From 2013 – 2017, the NYCU center started a research project, “International Center of Excellence in Advanced Heterogeneous Integration of Green Electronics Research – iRICE,” funded by the Ministry of Science and Technology in Taiwan. It aims to develop advanced semiconductor-related technologies to meet future post–Silicon and More–Moore era technology demands. To enhance global competitiveness, this center was established between NYCU – Taiwan and UC Berkeley EECS – USA, based on their long-term solid foundations of research and strength in the semiconductor field. The goal was to establish a world-class nanoelectronics research center in Taiwan.

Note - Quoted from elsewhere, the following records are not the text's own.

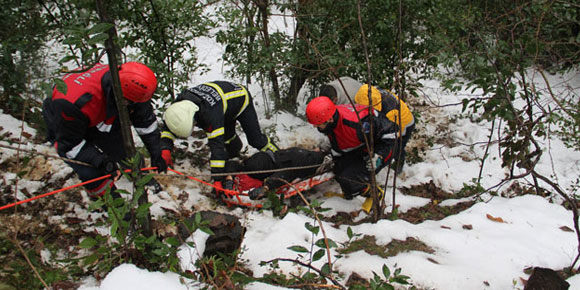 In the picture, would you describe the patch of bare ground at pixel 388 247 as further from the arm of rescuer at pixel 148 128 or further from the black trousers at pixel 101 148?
the black trousers at pixel 101 148

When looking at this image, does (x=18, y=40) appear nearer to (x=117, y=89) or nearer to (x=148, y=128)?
(x=148, y=128)

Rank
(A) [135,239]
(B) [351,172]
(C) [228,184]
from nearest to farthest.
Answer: (A) [135,239] → (C) [228,184] → (B) [351,172]

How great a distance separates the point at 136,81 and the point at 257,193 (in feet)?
5.41

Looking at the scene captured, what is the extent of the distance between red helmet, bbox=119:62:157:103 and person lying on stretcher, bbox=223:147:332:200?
1.22 meters

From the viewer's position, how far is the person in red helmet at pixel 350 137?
3938 millimetres

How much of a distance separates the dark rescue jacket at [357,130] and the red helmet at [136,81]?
194cm

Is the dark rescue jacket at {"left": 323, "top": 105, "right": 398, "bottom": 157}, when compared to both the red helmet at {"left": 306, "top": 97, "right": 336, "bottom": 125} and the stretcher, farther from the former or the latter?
the stretcher

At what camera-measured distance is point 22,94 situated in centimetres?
462

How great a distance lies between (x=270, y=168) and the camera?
13.6 ft

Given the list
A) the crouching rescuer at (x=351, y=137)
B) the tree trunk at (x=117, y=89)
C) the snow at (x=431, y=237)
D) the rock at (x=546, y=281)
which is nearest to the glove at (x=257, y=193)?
the snow at (x=431, y=237)

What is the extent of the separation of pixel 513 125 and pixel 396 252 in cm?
168

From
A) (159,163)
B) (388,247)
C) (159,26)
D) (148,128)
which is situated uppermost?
(159,26)

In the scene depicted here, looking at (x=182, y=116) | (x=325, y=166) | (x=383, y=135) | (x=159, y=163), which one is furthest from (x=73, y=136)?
(x=383, y=135)

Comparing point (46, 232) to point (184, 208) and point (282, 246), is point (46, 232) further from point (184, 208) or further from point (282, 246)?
point (282, 246)
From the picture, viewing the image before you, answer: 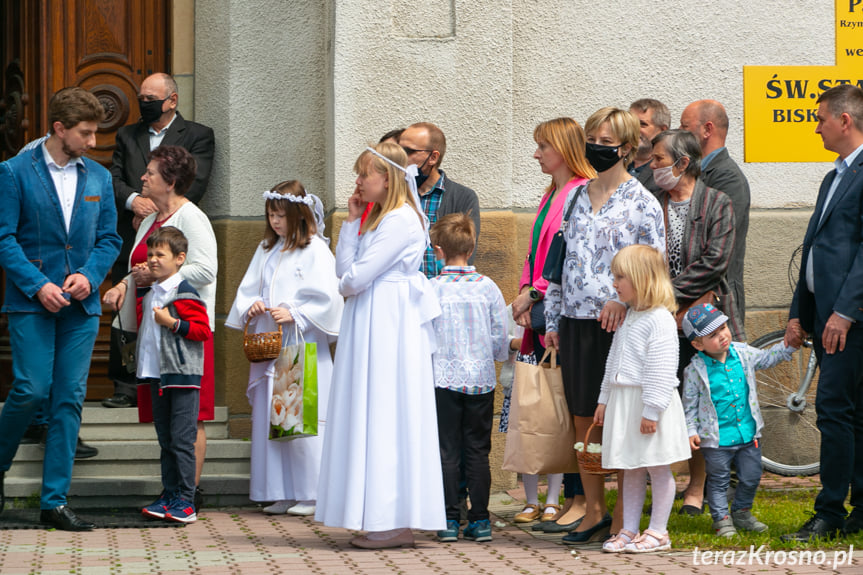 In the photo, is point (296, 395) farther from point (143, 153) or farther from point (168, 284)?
point (143, 153)

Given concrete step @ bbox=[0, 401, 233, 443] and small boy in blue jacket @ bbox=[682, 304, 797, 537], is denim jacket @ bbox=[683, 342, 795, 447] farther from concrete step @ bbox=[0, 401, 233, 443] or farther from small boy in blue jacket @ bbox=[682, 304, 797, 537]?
concrete step @ bbox=[0, 401, 233, 443]

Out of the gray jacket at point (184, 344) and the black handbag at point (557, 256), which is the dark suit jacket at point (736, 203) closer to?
the black handbag at point (557, 256)

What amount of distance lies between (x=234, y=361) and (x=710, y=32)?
4.06 metres

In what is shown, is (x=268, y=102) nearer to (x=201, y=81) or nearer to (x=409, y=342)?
(x=201, y=81)

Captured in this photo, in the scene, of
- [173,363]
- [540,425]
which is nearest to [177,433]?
[173,363]

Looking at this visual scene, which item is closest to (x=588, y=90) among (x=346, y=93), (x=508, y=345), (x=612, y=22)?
(x=612, y=22)

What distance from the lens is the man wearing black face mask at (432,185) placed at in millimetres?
6762

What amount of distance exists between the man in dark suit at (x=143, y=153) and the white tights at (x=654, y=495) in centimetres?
361

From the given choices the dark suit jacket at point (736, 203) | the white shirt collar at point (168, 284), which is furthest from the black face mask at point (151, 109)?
the dark suit jacket at point (736, 203)

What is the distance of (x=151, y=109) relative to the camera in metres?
7.87

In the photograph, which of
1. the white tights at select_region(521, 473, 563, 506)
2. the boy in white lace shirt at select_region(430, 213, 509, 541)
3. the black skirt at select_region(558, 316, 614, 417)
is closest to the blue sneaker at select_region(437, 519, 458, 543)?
the boy in white lace shirt at select_region(430, 213, 509, 541)

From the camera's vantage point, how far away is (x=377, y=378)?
5691 millimetres

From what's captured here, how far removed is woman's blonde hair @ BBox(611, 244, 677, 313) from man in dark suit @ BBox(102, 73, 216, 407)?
3.48 metres

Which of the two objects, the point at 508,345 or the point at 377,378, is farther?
the point at 508,345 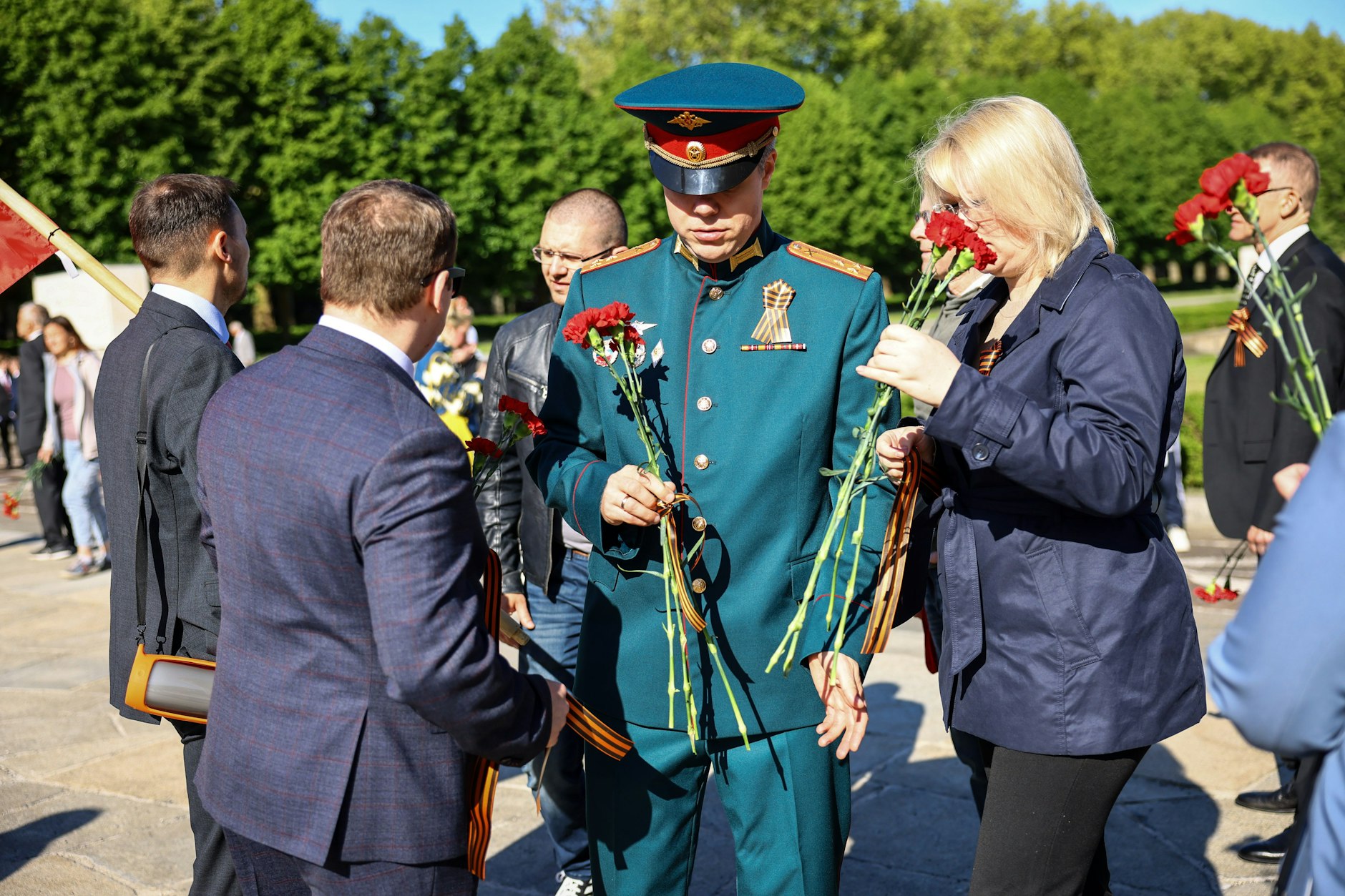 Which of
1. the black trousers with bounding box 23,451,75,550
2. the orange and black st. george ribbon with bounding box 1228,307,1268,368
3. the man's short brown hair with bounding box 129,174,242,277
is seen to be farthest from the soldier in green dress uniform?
the black trousers with bounding box 23,451,75,550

In addition, companies such as TSMC, Applied Materials, Entegris, and Panasonic have joined and co-sponsored the research activities.

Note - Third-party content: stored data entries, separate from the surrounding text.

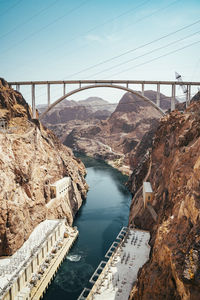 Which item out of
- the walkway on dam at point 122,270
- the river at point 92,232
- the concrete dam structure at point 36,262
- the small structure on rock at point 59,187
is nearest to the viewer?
the walkway on dam at point 122,270

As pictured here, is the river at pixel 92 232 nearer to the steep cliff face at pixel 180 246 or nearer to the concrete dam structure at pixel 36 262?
the concrete dam structure at pixel 36 262

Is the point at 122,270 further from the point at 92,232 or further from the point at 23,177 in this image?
the point at 23,177

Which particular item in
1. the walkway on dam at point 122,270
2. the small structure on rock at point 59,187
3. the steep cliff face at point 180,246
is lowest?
the walkway on dam at point 122,270

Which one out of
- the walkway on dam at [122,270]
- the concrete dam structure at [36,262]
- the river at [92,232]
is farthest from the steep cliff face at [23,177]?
the walkway on dam at [122,270]

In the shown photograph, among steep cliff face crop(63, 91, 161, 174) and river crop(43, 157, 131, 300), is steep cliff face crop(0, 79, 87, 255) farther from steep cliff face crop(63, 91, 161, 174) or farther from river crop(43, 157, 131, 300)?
steep cliff face crop(63, 91, 161, 174)

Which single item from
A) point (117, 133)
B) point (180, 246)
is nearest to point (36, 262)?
point (180, 246)

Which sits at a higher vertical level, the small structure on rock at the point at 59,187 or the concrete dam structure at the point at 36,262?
the small structure on rock at the point at 59,187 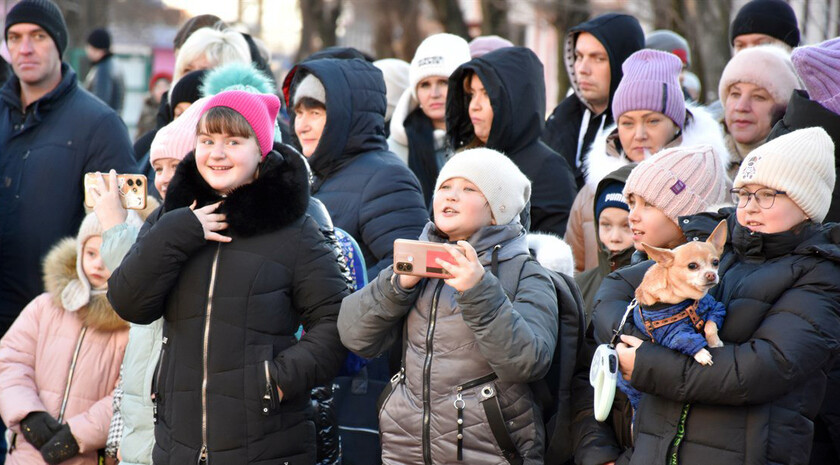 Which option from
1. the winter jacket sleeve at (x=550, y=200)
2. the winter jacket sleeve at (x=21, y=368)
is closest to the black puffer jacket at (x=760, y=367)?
the winter jacket sleeve at (x=550, y=200)

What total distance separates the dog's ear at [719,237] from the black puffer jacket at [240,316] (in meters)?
1.49

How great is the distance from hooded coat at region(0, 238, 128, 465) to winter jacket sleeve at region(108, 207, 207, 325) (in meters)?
0.99

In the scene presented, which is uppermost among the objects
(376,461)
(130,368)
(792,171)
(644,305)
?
(792,171)

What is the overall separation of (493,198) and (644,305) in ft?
2.61

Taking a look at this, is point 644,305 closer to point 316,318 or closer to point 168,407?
point 316,318

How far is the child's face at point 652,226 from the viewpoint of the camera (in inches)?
165

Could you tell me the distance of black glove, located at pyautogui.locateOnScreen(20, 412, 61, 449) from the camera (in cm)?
500

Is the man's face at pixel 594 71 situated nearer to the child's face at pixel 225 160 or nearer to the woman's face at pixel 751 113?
the woman's face at pixel 751 113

Since 2018, NYCU established the Center for Semiconductor Technology Research to bring together cross-disciplinary talents, combined with the Taiwan Semiconductor Research Institute and the Synchrotron Radiation Center, closely cooperated with TSMC to jointly solve technical bottlenecks facing semiconductor devices with extreme scaling. The research topics are divided into five major topics, namely monolithic stacked devices and circuits, negative capacitance transistor technology, two-dimensional semiconductor devices and materials, low-impedance interconnect and contact resistance technology, and III–V based transistor technology for high-speed and high-frequency applications. In this program, CSD Lab will develop InGaAs FinFET with high cut-off frequency (ft) up to terahertz for high-frequency and high-bandwidth communication applications to meet future IoT and 5G applications. In addition, an integrated process of GaN drain FinFETs is under development targeting high-frequency FinFET with high breakdown voltage.
Another project in progress for CSD Lab is to develop a lighter, longer-distance, faster and safer LiDAR for EV applications. This project cooperates with Foxconn Corporation to develop a LiDAR system with high reliability and low cost for self-driving cars. To achieve the targets of a more extended range and faster plan, the team intends to develop a new high frequency, high current gallium nitride high electron mobility transistors (GaN HEMTs) laser drive integrated with the aforementioned new surface emitting laser chip into a new LiDAR laser light source chip assembly using a flip-chip technique. By using GaN HEMTs to generate high-current and high-speed pulses, LiDAR can achieve higher resolution and longer distances. The ultra-small size of GaN HEMT also makes it the best driving element for lightweight LiDAR applications. In this research project, the CSD team will demonstrate a high-quality beam with a narrow exit angle. This LiDAR light source chipset can also be used in optical digital instruments and electro-optical switches developed by CSD – NYCU to integrate optical, electronic, and mechanical components to ensure good optical and electronic characteristics to meet the demands of extremely light, long distances, faster and safer requirements.
Prof. Edward Yi Chang has been very active in cooperating with leading international institutes, and the cooperation partners include labs from UC Berkeley (USA), Virginia Tech (USA), MIT (USA), TIT (Japan), NTT (Japan), IMEC (Belgium), and Chalmers University (Sweden). The results have been disseminated in high-quality publications. The key findings from these collaborations have resulted in successful technology transfer, which acts as another driving force for developing advanced III-V semiconductor devices in 5G/6G and EV applications. CSD Research Lab is very well equipped with all the necessary tools for III–V hetero-structure product development and has excellent relationships and records with government agencies and industrial partners through successful product development and technology transfers. Researchers at CSD Research Lab look forward to further cooperation with pioneering semiconductor industries and top universities around the world.